The British invasion was a term that referred to the influx of UK bands finding popularity in the United States during the 1960s. But, as new statistics from PRS for Music show, the term might as easily be applied in today's musical climate. The popularity of British music aboard has seen artists' royalties double in the last year.
The figures from PRS for Music, which collects royalties from 150 countries, have shown that UK songwriters and composers earned £187.7 million globally, which is up 10 per cent from 2010. Royalties are collected each time a song is played, and that figure has doubled from £88 million in the last decade.
The boom has been attributed to mega selling singles by the likes of Adele. Stateside artists such as Rihanna and Nicki Minaj who have been using British songwriters like Calvin Harris and Fraser T Smith have also contributed to the boom.
But the successes don't stop at hit singles.
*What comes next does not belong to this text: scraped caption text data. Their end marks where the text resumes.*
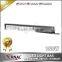 28" 150W light bar mining crane loader truck construction vehicles heavy duty road tree roller machinery lamp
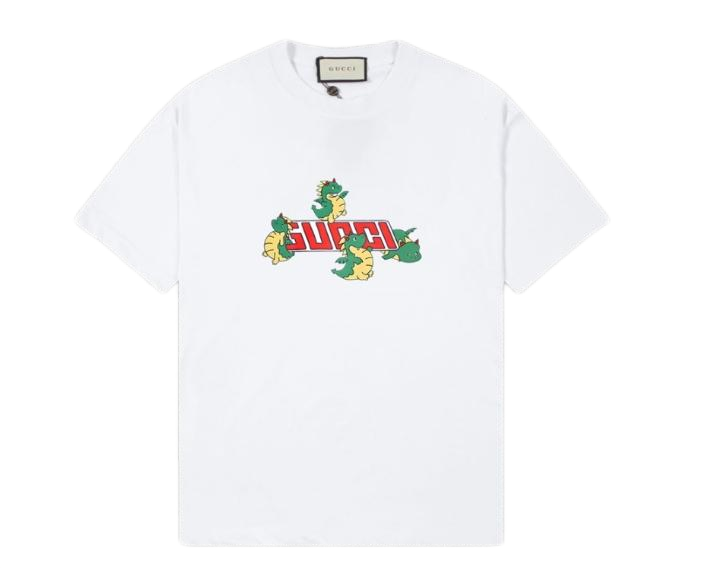 Gucci T-Shirts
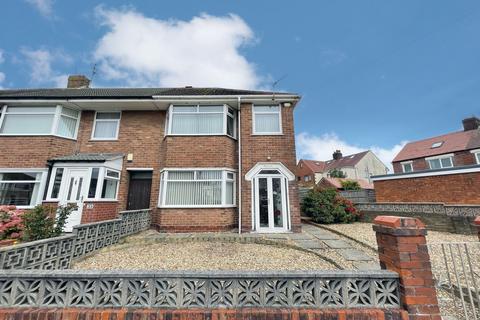 3 bedroom semi-detached house for sale, Crofton Avenue, Bispham FY2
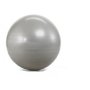 CAPRIOLO Pilates lopta 65cm siva 291358-S OUTLET - slika 1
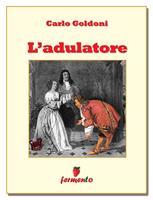  L'adulatore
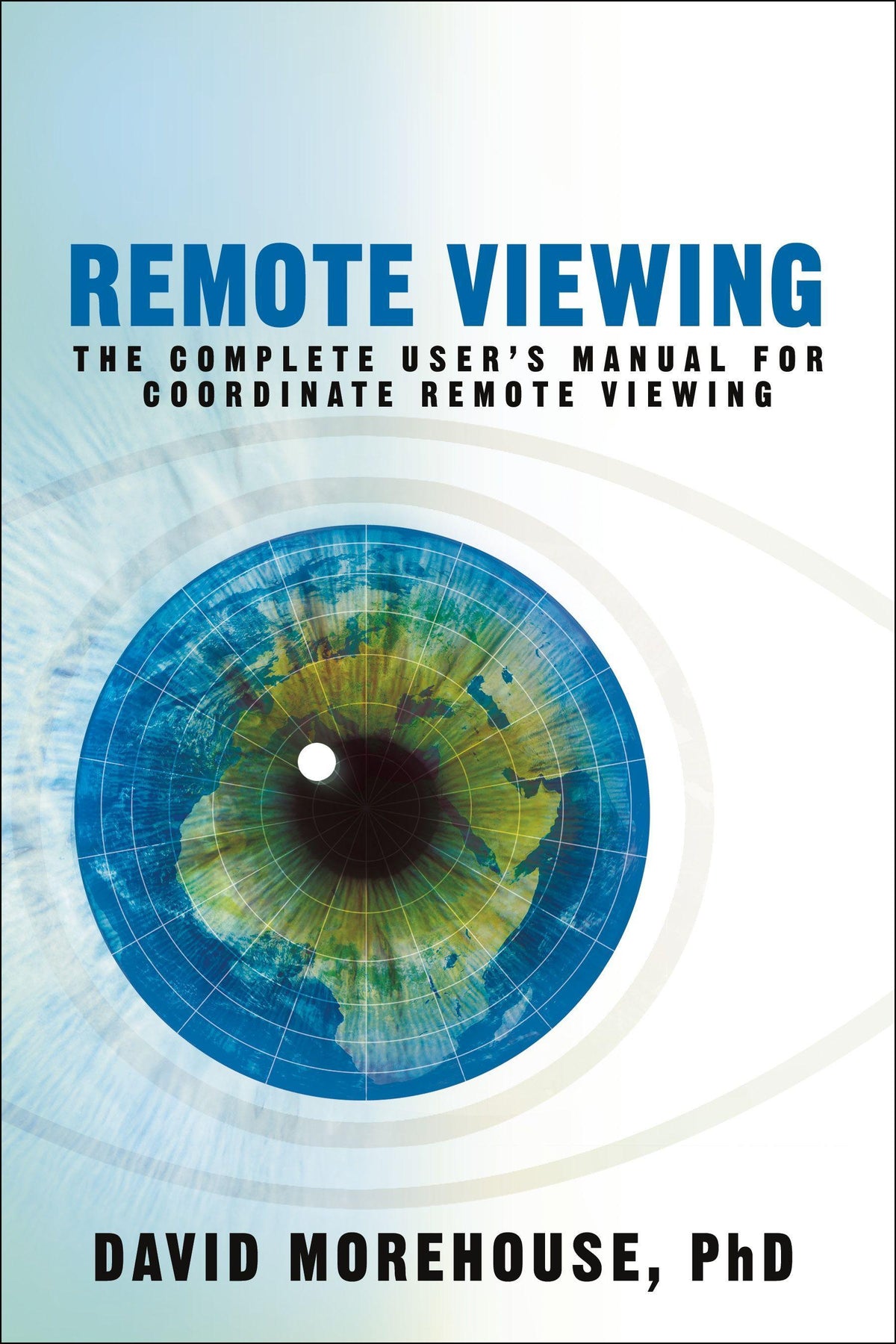 Remote Viewing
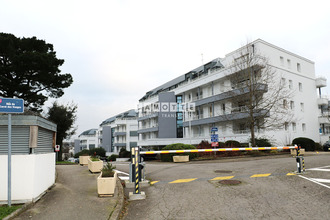 achat appartement vannes 56000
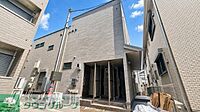 東京都武蔵野市西久保3丁目16：物件画像／株式会社タウンハウジング東京　武蔵境店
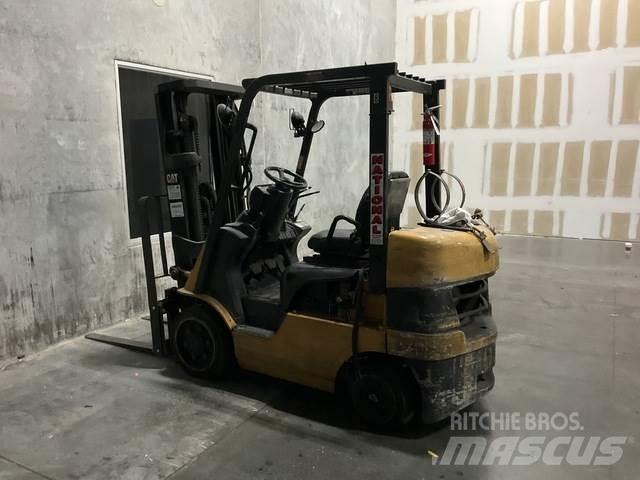CAT C5000 أخرى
Live music incomes have also soared. While they equaled £2.2 million ten years ago, the figures are up to £21 million in 2012, with sold out concerts from the likes of The Rolling Stones, Muse and The Stone Roses being examples of success.
The increased revenue for British songwriters has also been because of the popularisation of reality television shows in the past decade, offering writers a new revenue stream. The use of music on talent shows such as "X Factor" and "American Idol" and the increased popularity of pop music based programming like "Glee" has seen income from TV raise to £60 million, up from £29 million in 2009.
The global revenues for PRS members overall went up to £630.8m last year, which is up from £611m in 2010.